In ArchGDAL there are some hot paths where 3 refs are defined just to get one point. That allocation ends up totally dominating the profile when you get the points from a polygon. We need to be careful that all operations on the points of composite objects define the Refs themselves and pass them in. Doing this makes rasterizing ArchGDAL polygons 20x faster. Just loading the polygons is still slower than the actual rasterisation, but not 20x slower.

I didn't mean to use pointers instead. Refis fine as long as we carefully minimise the allocations.

But in some cases it might be worth using pointers? pointers and mutable state in structs are two things I prefer not to think about, so it would need a clear reason and benchmarks.

visr commented 1 year ago

Thanks, yeah that makes sense to me.

rafaqz commented 1 year ago

Looking at this again, it would be good if instead of lon and lat values as arguments, functions accepted GeoInterface.jl compatible points. That means (lon, lat) would work, but other point types will too.

asinghvi17 commented 1 year ago

That would probably be a pretty easy overload, but I don't think Proj depends on Geointerface yet (not sure why). I'd also like to add some utilities to generically transform geometries in that case...

rafaqz commented 1 year ago

I just wrote it ;)

https://github.com/JuliaGeo/Proj.jl/pull/79

asinghvi17 commented 1 year ago

Sorry, my finger slipped on mobile. This is still a draft but I hope to polish it up today.

asinghvi17 commented 1 year ago

btw, here are some cool applications of this: https://xkdr.github.io/Karmana.jl/dev/examples/geodesic/ https://xkdr.github.io/Karmana.jl/dev/examples/annular_ring/#:~:text=an%20encore%2C%20let%27s-,animate,-what%20the%20annular_ring

(these are from the documentation of a utility package for my current org, it probably won't be registered but the code is open source.)

asinghvi17 commented 1 year ago

Do we need more features here or should we go ahead and merge once CI passes?

I've made the portion of code that I actually use as efficient as possible, but have no idea what other people use. As those usecases shake out we could gradually make them more efficient.

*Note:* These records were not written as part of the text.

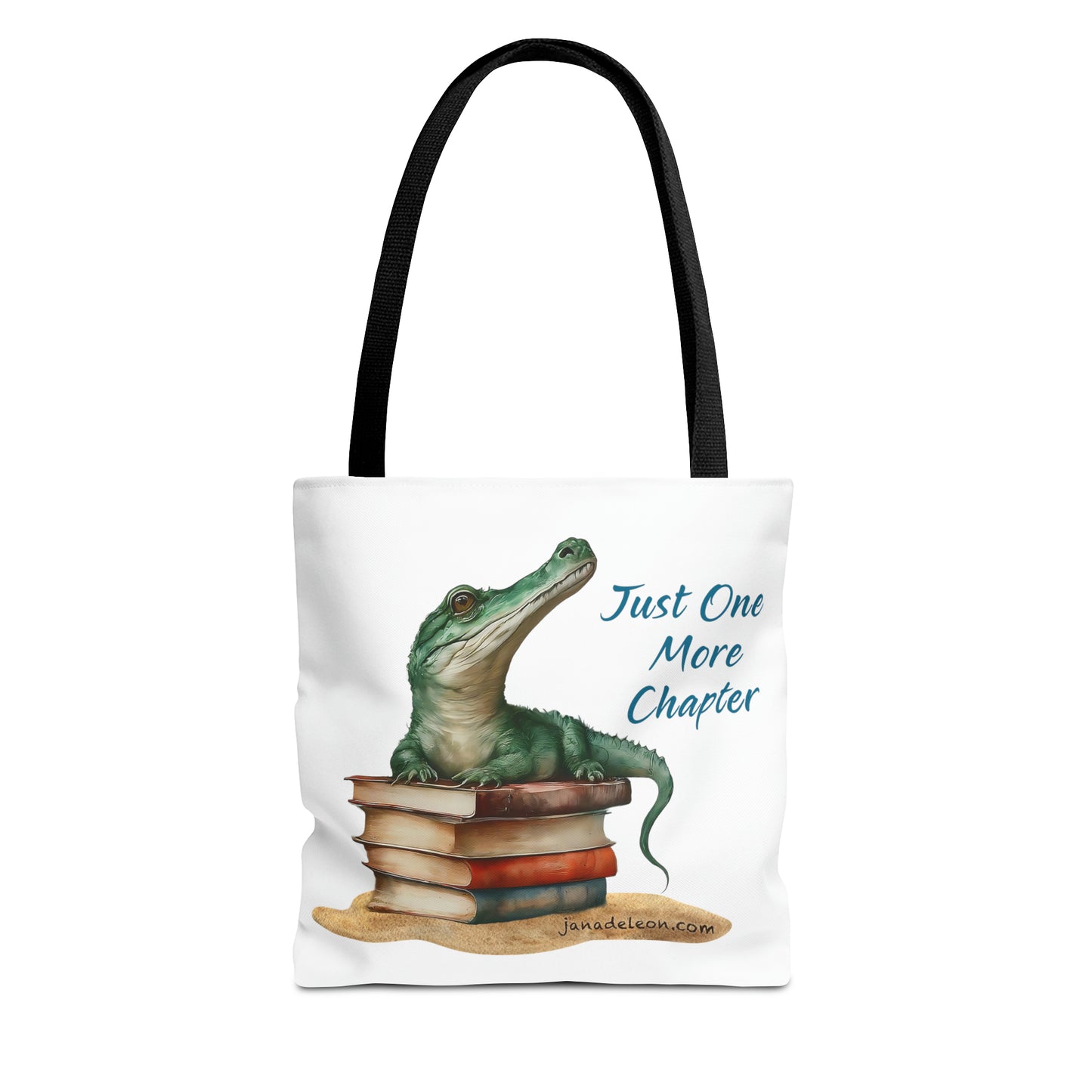 Just One More Chapter Tote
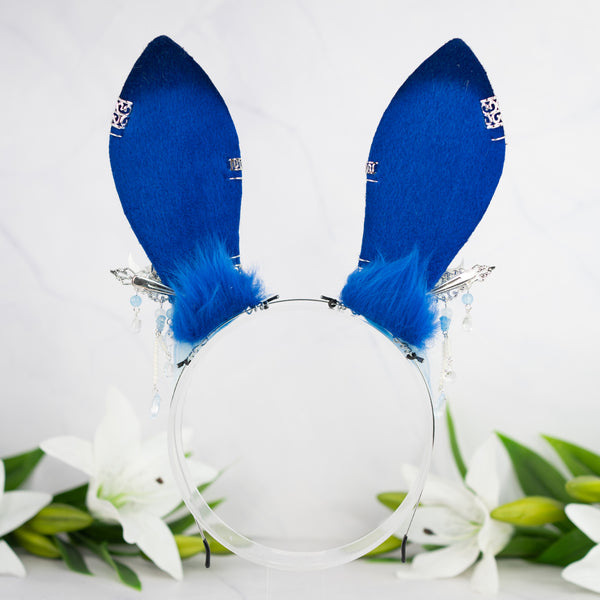 Blue moon bunny ears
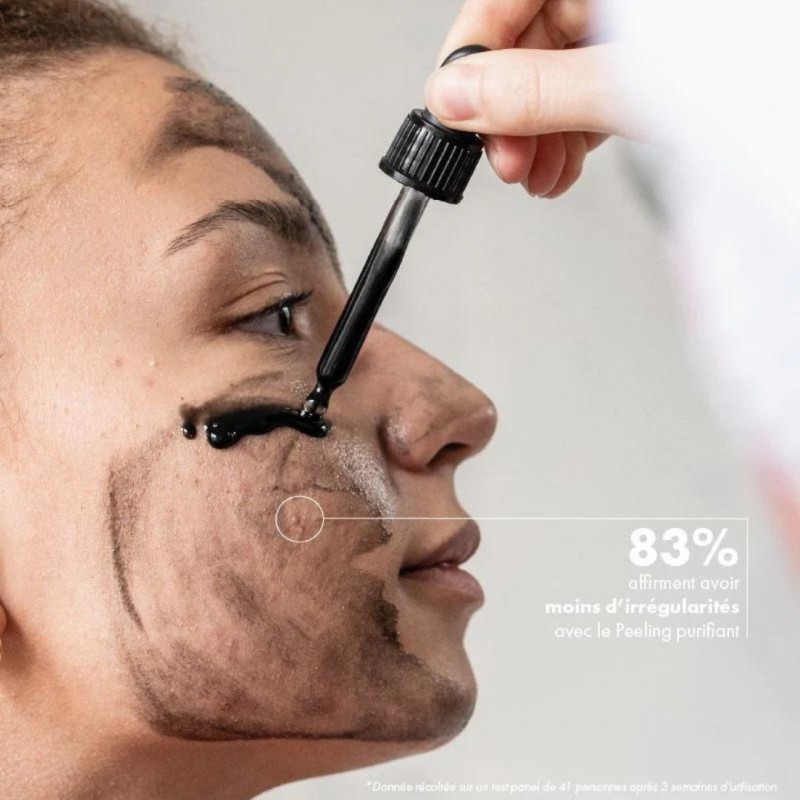 Masque Peeling Purifiant - Exfolie et Purifie les Peaux Mixtes Voir la slide Masque Peeling Purifiant - Exfolie et Purifie les Peaux Mixtes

asinghvi17 commented 1 year ago

Nightly is failing because of a LibCURL version mismatch

visr commented 1 year ago

@asinghvi17 thanks for taking this on! I'm not really familiar with the geodesics API, but overall this looks good to me. I pushed some minor nonfunctional commits.

We don't have to cover the whole API at once and can add what we need. With this I think we can close #66. For me this is good to merge.

rafaqz commented 11 months ago

@asinghvi17 @visr should we merge this?

evetion commented 11 months ago

If @visr approved back in May, we can merge this. We can always hold of tagging a release if something comes up.